The above is a short history of 11 transactions because we have chosen a unique status per year. Actually, there are 31 transactions in total!
The above example is an outlier, the mean number of transactions in our dataset is 3 and the median is 2. We have 3.7k/15k properties with more than 3 transactions.

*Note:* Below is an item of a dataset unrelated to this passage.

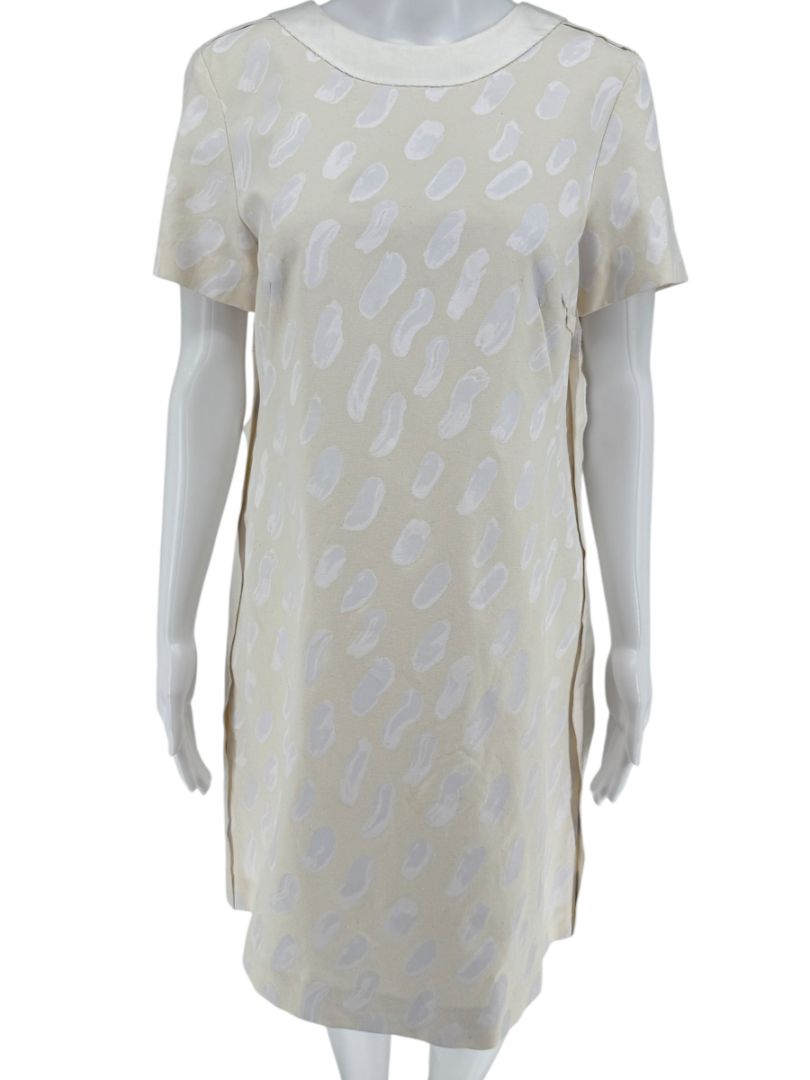Marni Textured Cream Print Shift Dress with Silk Trim - Size 4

I am looking forward to analysing this data more in future posts! 🤓
Properties sold per year
To calculate the number of properties for sale, I first deduplicate the data by keeping a single ‘For Sale’ or ‘Sold’ record per property per year.
I am experimenting with
svg
plots since ggplot2 in R produces them natively. They are 85% smaller in size compared topng
and scale perfectly with window size, retaining the detail as you zoom in.

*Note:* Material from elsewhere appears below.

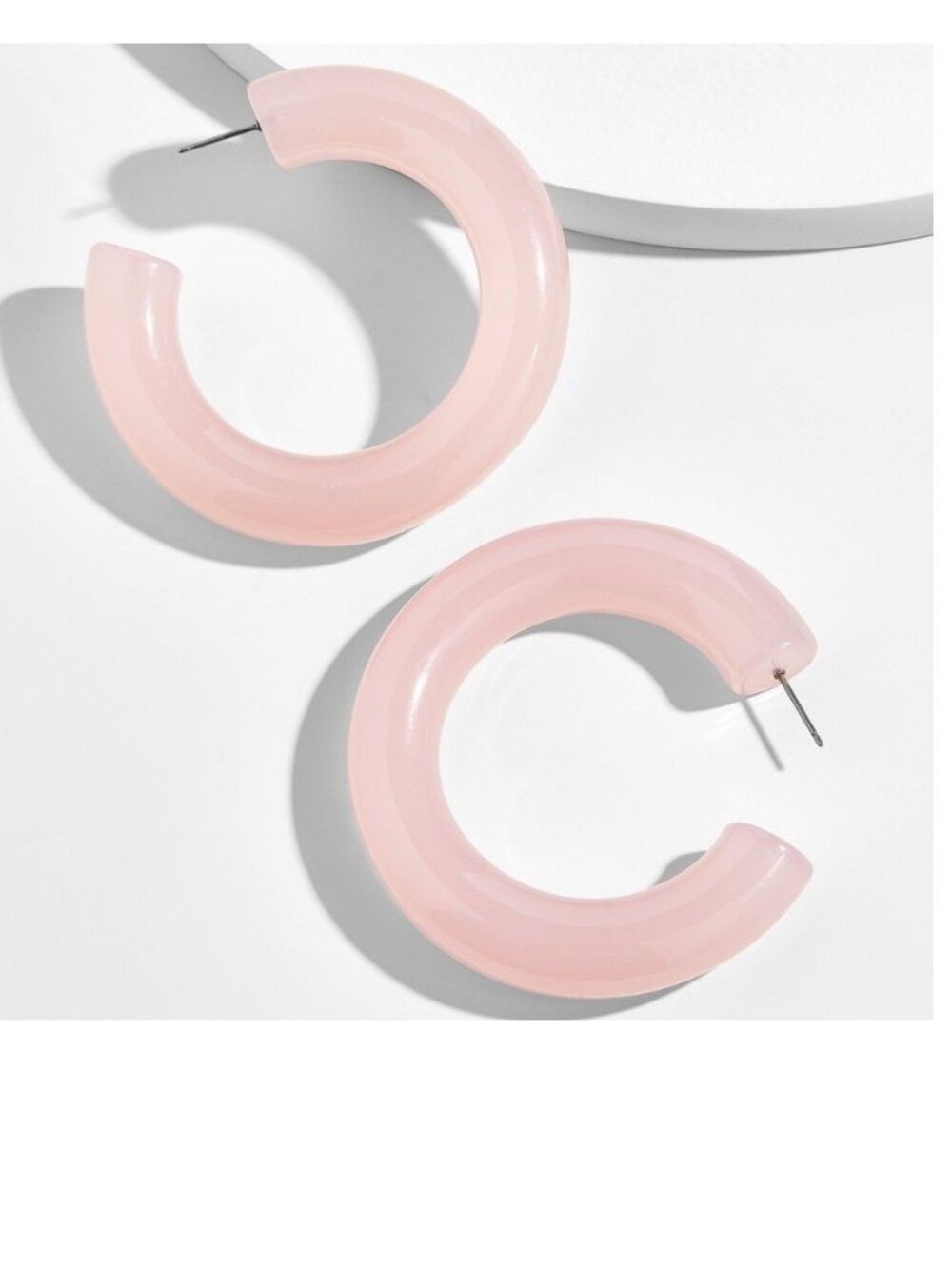 NWT~BAUBLEBAR~Blush Petrina Lucite Hoop Earrings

The peak in properties sold was 2013, with 824 properties sold. 2019 saw the lowest number of properties sold in central london since 2005 - a 14 year stretch! The number of properties sold has collapsed by almost 50% since 2005 and 75% since the peak.
The number of properties listed for sale has remained steady in the last 10 years. This implies the collapse in properties sold seems to be led by weaker demand than supply. This year has seen the 3rd highest # of properties offered for sale which is not surprising given the stamp duty discount and COVID causing people to leave for the countryside.
Properties rented per year
Analysing rentals is a bit more difficult. Firstly, there is no central registry which holds a record of a successful let (unlike sales). Secondly,estate agents remove rental listings more often without updating the status. There could be several reasons, including that the property has been successfully rented.
Because of the above reasons, we do not have good historical data on lets. The chart below has two categories.
Rented
- when a successful let is confirmed on the listing.Rent NA
- when the listing has been taken off but no indication has been made if let or not. It is highly probable here that these are as good as rented.
This leads to the chart below:
The number of successful lets in 2020 is surprising. Total confirmed lettings Rented
are above the 2019 level, with 4 months still to go. This does not fit the COVID narrative - everyone fleeing for the countryside.
An important caveat here is that we do not know of listings that were removed prior to 1 August 2020. Hence, the total lettings before 2020 could be understated. Based on listings in August, this effect could understate the lettings in the previous years by 50 - 75%. I will be monitoring this further going forward.